Peint en 1947 (et il est rare que le peintre précise la date de cette façon) notre tableau est d’une grande importance pour le développement de l’œuvre de Le Pho à trois points de vue :
- D’abord, le réalisme du visage (c’est presque un portrait, ce qui est rare pour Le Pho) contraste avec ses précédents visages préférés, qui se ressemblent tous beaucoup. Les joues pointues, le galbe des seins, la rondeur des formes du corps, les cheveux défaits, la pose elle-même tout en abandon, tranchent avec le hiératisme antérieur : Le Pho décrit une femme libre, naturelle qui a investi son siècle. Nul doute que la rencontre, l’année précédente, avec sa future épouse Paulette Vaux a contribué à cette « remise en scène ». Le Pho ne nous peint plus une Madone ou une jeune fille éthérée, parfois hors du Temps, parfois prisonnière de son rang social. Non, il nous offre une femme de son (à elle, à lui) temps.

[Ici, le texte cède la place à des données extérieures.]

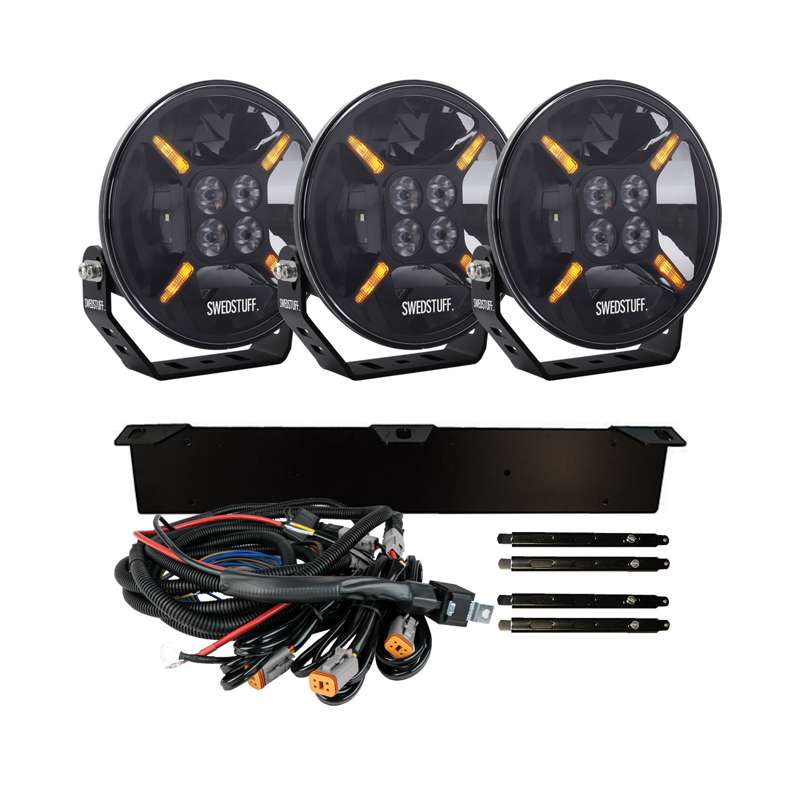 Swedstuff LDL - 01 9″ LED Ekstra lys sæt 3 - pakke - Komplet pakke - Carlevel - 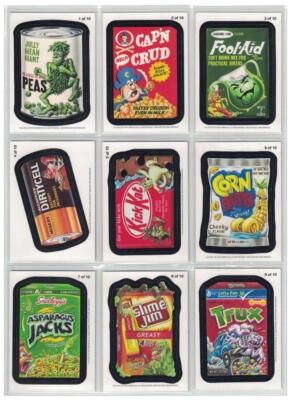 2012 WACKY PACKAGES ALL NEW SERIES 10 COMPLETE SET OF 10 MAGNETS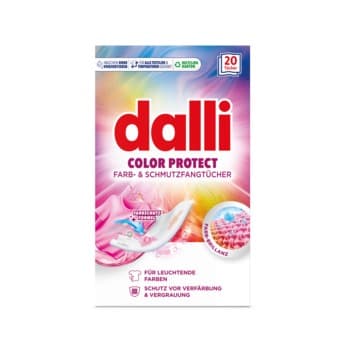 Chusteczki do prania chroniące kolory Dalli 20 sztuk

- De plus, et surtout, contrairement à nombre de ses compositions antérieures, la figure est positionnée horizontalement plutôt que verticalement. Appuyant sa tête sur un coude, la silhouette semble flotter au-dessus d’un paysage surréaliste de sable et d’arbres, une brume de nuages gris au-dessus d’elle, perdue dans un rêve profond. Les yeux fermés pour rêver ou s’isoler de ce monde bizarre si difficile à appréhender ?

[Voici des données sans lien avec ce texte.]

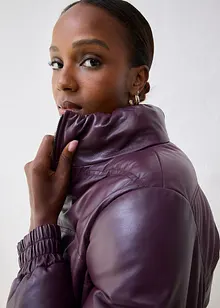 Leder-Steppjacke aus Lammnappa, bonprix Leder-Steppjacke aus Lammnappa, bonprix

- Enfin, nous pouvons prendre en compte la palette de couleurs plus sombres trouvée ici par rapport à son inclination habituelle à utiliser des teintes pastel plus douces. Le Pho a optimisé l’utilisation des bleus et des verts profonds ici, donnant à la pièce une ambiance plus onirique et mystérieuse.
Cette année 1947, l’artiste a 40 ans, il vit en France depuis déjà 10 ans. L’Europe est ravagée par la guerre, les galeristes français peinent à vendre de l’art. Le Vietnam traverse une guerre (avec de multiples acteurs) – qui débouchera sur les accords de Genève en 1954. Une guerre qui est aussi une affaire française. Le quatuor d’amis réagira différemment aux hostilités : Le Thi Luu et Vu Cao Dam militent pour l’Indépendance, Le Pho se rapproche de l’Empereur Bao Dai et du Prince Buu Loc. Le véritable rôle de Mai Thu n’a pas encore été clarifié.
La « guerre froide » s’installe. La pénurie règne même si elle n’est pas toujours une vraie contrainte pour un artiste.
Le Pho chérissait la « Ville Lumière » mais c’était alors dans un Paris meurtri qu’il vivait. Il peignit moins durant cette période d’après-guerre mais ses œuvres étaient profondément originales et restent encore sous-estimées comme pour Vu Cao Dam et sa période de Vence. Un peintre le sait : c’est par son art, seul, qu’il sauve son existence.
Cette femme allongée est un message d’espoir peint sur la réalité du moment. Une victoire de l’idée sur le fait.